Chaitanya Jyothi Museum Opening, 2000
RAMANAM
In the Name of The Father, and of The Son and of The Holy Spirit, Amen.
Countrymen,
ORBIS NON SUFFICIT
SOLUS DEUS SUFFICIT
Take One on the question Where Is The Church? is here.
The church is where I/you am/are. It is what we do. It is us discharging our several duties. It is the work we accomplish, any and all of it.
God has no second. This means the sacred has no second. That means there is no profane.
The church is really huge and expanding every day.
The church does not have to go into the world to meet people where they are. The church is people, already in the world, fulfilling their duties.
Harvey Cox said the world is the church: The Secular City is The City of God. No Harvey, dear boy, the church is the world. The City of God is the Secular City. All is God? No Spinoza, with respect, God is all. We are all one? No India, dear girl, The One is all of us.
This epistemological adjustment parallels one of Tillich’s well-known observations: Pantheism is taking the world as God whereas Christianity is taking God as the world. There is no secular that is not sacred and no profane that is not holy.

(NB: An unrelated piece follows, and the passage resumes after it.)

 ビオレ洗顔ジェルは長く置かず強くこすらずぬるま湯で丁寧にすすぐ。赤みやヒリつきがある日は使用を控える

Delusionoids attack the church for this and that about her. They test reality by laboring to replace the church with schemes of collectivist claptrap. As much as they are hurt by reality, they cannot admit their schemes are daffy and self-defeating. They search restlessly for corridors down which to put the flank and crimp on the truth that the sacred has no second.
What of the sanctuaries going by the name of church? Let them go. Who wants to maintain them, that is their business. The sanctuary is the world. The work of the church is the labors of the world’s creatures, especially but not only the human ones.
In the first part of the 20th Century, Manhattan Island supported four major basilicas (Greek Βασιλεία = Kingdom) of the Episcopal Church of the USA — Trinity, St. Bartholomew, St. Thomas and St. John the Divine — and many minor ones. Trinity had chapels around the island, including 2K-member St. Agnes Chapel at West 91st Street, between Amsterdam and Columbus Avenues.
Today those congregations are small landmark members of the general bleat for cunning and magic schemes to curry (aka beg) favor with academics, infotainers and bureaucrats. The church there is what congregants and visitors do at their day jobs and mortal careers. Can you imagine the church begging acceptance from anyone?!?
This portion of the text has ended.